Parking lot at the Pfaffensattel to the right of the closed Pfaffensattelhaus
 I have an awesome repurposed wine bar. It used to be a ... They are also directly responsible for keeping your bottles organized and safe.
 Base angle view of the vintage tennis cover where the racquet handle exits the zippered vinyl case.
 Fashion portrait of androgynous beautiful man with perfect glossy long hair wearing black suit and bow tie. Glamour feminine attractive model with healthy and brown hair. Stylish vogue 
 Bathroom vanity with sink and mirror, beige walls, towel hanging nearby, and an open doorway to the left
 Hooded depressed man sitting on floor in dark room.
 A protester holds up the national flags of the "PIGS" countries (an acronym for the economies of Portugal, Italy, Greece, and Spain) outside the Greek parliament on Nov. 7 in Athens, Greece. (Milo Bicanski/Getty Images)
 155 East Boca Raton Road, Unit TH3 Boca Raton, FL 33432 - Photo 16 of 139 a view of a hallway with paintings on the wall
########
* **DESCRIPTION OF THE TASK**: Please restate, exactly as written, the line that holds "Base angle view" and all remaining lines of the data above, and only those.

* **TASK RESPONSE**:
 Base angle view of the vintage tennis cover where the racquet handle exits the zippered vinyl case.
 Fashion portrait of androgynous beautiful man with perfect glossy long hair wearing black suit and bow tie. Glamour feminine attractive model with healthy and brown hair. Stylish vogue 
 Bathroom vanity with sink and mirror, beige walls, towel hanging nearby, and an open doorway to the left
 Hooded depressed man sitting on floor in dark room.
 A protester holds up the national flags of the "PIGS" countries (an acronym for the economies of Portugal, Italy, Greece, and Spain) outside the Greek parliament on Nov. 7 in Athens, Greece. (Milo Bicanski/Getty Images)
 155 East Boca Raton Road, Unit TH3 Boca Raton, FL 33432 - Photo 16 of 139 a view of a hallway with paintings on the wall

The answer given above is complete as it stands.